On April 21st, the Department of Justice indicted the Southern Poverty Law Center on eleven counts of wire fraud, false statements to banks, and conspiracy to commit money laundering. The indictment alleges that between 2014 and 2023, the SPLC secretly paid over $3 million in donor funds to leaders and members of the Ku Klux Klan, Aryan Nations, and other white supremacist groups.
The organization that gained renown for labeling conservatives as dangerous extremists? They spent at least a decade bankrolling actual extremists.
According to the indictment, the SPLC ran a covert network of paid informants—internally called “field sources” or “the Fs.” One informant in the neo-Nazi National Alliance received over $1 million. Another was paid $270,000 while serving in the leadership group that organized the 2017 “Unite the Right” rally in Charlottesville. That was the infamous event that left one woman dead—and inspired Joe Biden to run for president.
The Long Con Started in Montgomery
“In that moment, (Charlottesville) I knew the threat to this nation was unlike any I had ever seen in my lifetime,” Biden told supporters when he announced his candidacy in 2019.

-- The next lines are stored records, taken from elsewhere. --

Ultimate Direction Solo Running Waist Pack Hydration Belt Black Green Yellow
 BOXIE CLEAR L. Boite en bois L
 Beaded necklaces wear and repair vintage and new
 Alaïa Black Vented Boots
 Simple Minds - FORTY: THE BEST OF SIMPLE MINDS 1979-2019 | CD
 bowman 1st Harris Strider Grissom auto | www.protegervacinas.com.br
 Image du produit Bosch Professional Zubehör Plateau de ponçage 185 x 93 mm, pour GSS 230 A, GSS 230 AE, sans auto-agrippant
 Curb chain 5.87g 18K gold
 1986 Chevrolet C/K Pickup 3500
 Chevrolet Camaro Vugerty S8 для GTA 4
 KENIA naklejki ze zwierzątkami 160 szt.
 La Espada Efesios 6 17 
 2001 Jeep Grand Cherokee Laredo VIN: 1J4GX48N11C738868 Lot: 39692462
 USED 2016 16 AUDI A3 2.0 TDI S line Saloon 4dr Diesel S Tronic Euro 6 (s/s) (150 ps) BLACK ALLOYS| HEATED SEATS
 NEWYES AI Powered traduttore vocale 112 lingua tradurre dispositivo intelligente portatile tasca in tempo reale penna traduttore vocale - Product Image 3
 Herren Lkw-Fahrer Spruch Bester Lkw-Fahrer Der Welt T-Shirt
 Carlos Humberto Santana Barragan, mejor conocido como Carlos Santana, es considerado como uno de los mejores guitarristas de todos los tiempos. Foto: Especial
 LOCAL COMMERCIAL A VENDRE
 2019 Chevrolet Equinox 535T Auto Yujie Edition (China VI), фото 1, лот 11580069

We know now that much of that threat was expensively and carefully manufactured.
The SPLC was founded in 1971 in Montgomery, Alabama. They made their bones suing the Ku Klux Klan in state courts, sometimes recouping significant monetary damages. The sympathetic liberal media decided that anyone with the courage to sue the Klan in Alabama must have tremendous moral legitimacy. The SPLC and its leadership were soon venerated as heroes. The organization rapidly accrued not just legitimacy but significant cultural and political power.
That power grew exponentially after 1990, when the Center started publishing its annual census of “hate groups” in the United States. A fawning media cited those designations as authoritative, and before long, major corporations consulted the list before making donations or forming partnerships. By the time the age of social media arrived, the “hate map” functioned as a tool to ostracize, deplatform, and bankrupt conservatives. Anyone who suggested that these designations were unfair was accused of possessing Nazi sympathies. Long before anyone had coined the term “cancel culture,” the SPLC had become masters at destroying the careers of their critics.
Every Watchdog Needs a Wolf
In my book The Political Vise, I explain how progressive institutions extract wealth and power by creating permanent dependency on their services. Solving the problem eliminates the need for the institution, which would threaten both the money and the influence. All the incentives run towards ensuring a perpetual need, or warning of an ever-present danger.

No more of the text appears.